Im Moment werde mit Hochdruck daran gearbeitet, die Allgemeinverfügung zu erlassen. Dabei müsse aber ein "gewisses Prozedere" eingehalten werden. Aus diesem Grund werde die Regelung frühestens am Mittwoch oder Donnerstag in Kraft treten können. Kontrolliert werden soll mit Hilfe der Polizei dann von Anfang an konsequent. Ein erster Anhaltspunkt seien dabei natürlich die Autokennzeichen.

Die Allgemeinverfügung, dass die Einreise in den Landkreis Miesbach aus touristischen Zwecken untersagt ist, soll vorerst durchgehend aufrechterhalten werden. Solange die Inzidenz um die 200 pendelt, müsse für Kontinuität gesorgt und die Besucher im Landkreis minimiert werden, so Olaf von Löwis.

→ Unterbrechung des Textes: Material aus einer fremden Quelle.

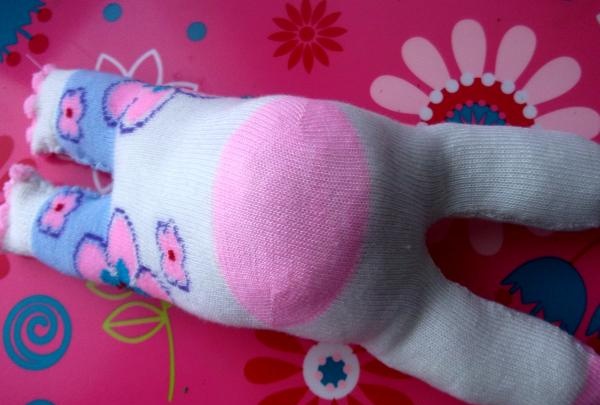 Voňavá kočka z ponožky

Auch Berchtesgadener Land kündigt Allgemeinverfügung an

Auch der Berchtesgadener Landrat Bernhard Kern hat eine Allgemeinverfügung angekündigt, wonach Besuche von außerhalb des Landkreises untersagt werden. Das teilte eine Sprecherin auf BR-Anfrage mit. Weitere Informationen zum genauen Wortlaut der neuen Bestimmungen wird das Landratsamt am Nachmittag bekannt geben.

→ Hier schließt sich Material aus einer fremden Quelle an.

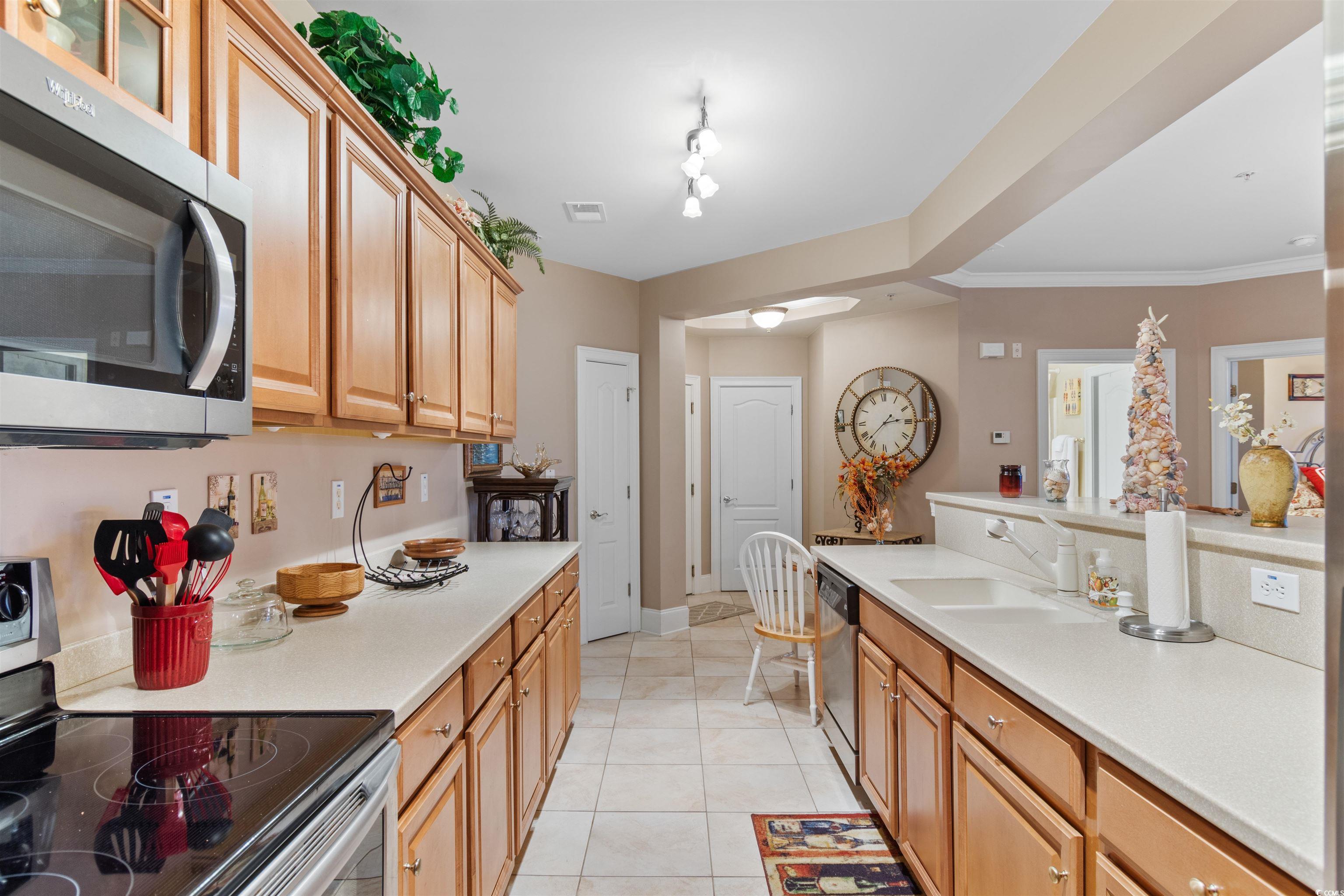 2180 Waterview Dr. Property Photo 8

Die Kreisverwaltungsbehörde trifft damit ebenfalls über die Sonderregelung weiterführende Anordnungen zur Pandemiebekämpfung, da der Sieben-Tage-Inzidenzwert am vergangenen Wochenende auf 338 Neuinfektionen stieg (Quelle: RKI). Damit ist das Berchtesgadener Land wieder der Corona-Hotspot in Bayern mit den meisten Corona-Neuinfektionen pro 100.000 Einwohner. Bereits im Oktober 2020 verhängte das Landratsamt aufgrund hoher Infektionszahlen deutschlandweit als erster Landkreis einen teilweisen Lockdown.

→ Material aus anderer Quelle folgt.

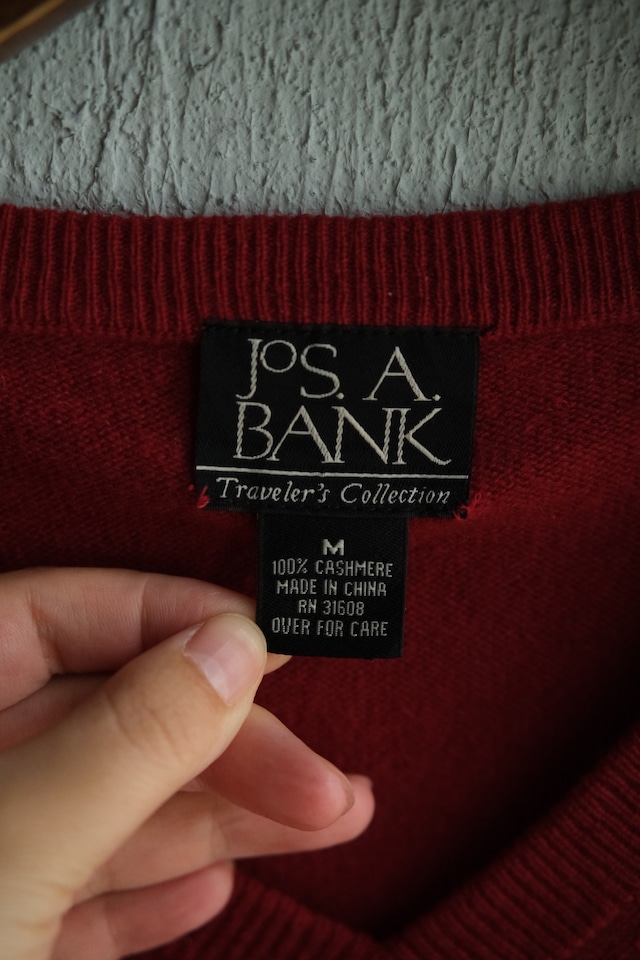 Utah/"Jos. A. Bank" v-neck cashmere sweater/red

Oberpfalz plant noch keine weitere Abschottung gegen Tagesausflüge

Während sich damit jetzt etliche andere Corona-Hotspots gegen Tagestourismus von außen abschotten wollen, sind vergleichbare Maßnahmen in der Oberpfalz -abgesehen vom Landkreis Cham- noch nicht geplant. Es gebe derzeit noch keine Pläne, Tagesausflüge von außerhalb zu untersagen, heißt es beim Landkreis Tirschenreuth und bei der Stadt Weiden auf BR-Anfrage. Auch hier liegt die 7-Tages-Inzidenz aktuell über dem Wert von 200. Für die Stadt Weiden wird für heute eine neue Bekanntmachung zu den aktuellen Corona-Regeln erwartet. Auch im Landratsamt von Tirschenreuth soll über Corona-Maßnahmen beraten werden.

Donau-Ries sperrt Ausflugsverkehr ebenfalls nicht aus

Auch der schwäbische Landkreis Donau-Reis macht von der Möglichkeit, Tagesausflügler auszusperren, keinen Gebrauch - auch wenn der Landkreis in Schwaben der erste ist, der die "15-Kilometer-Regel" für die Bewohner der Region eingeführt hat. Die Einreise für Ausflüge zu verbieten sei unnötig, so Landrat Stefan Rößle (CSU), weil der Landkreis Donau-Ries kein klassisches Ziel von Tagesausflüglern sei, wie etwa im Allgäu.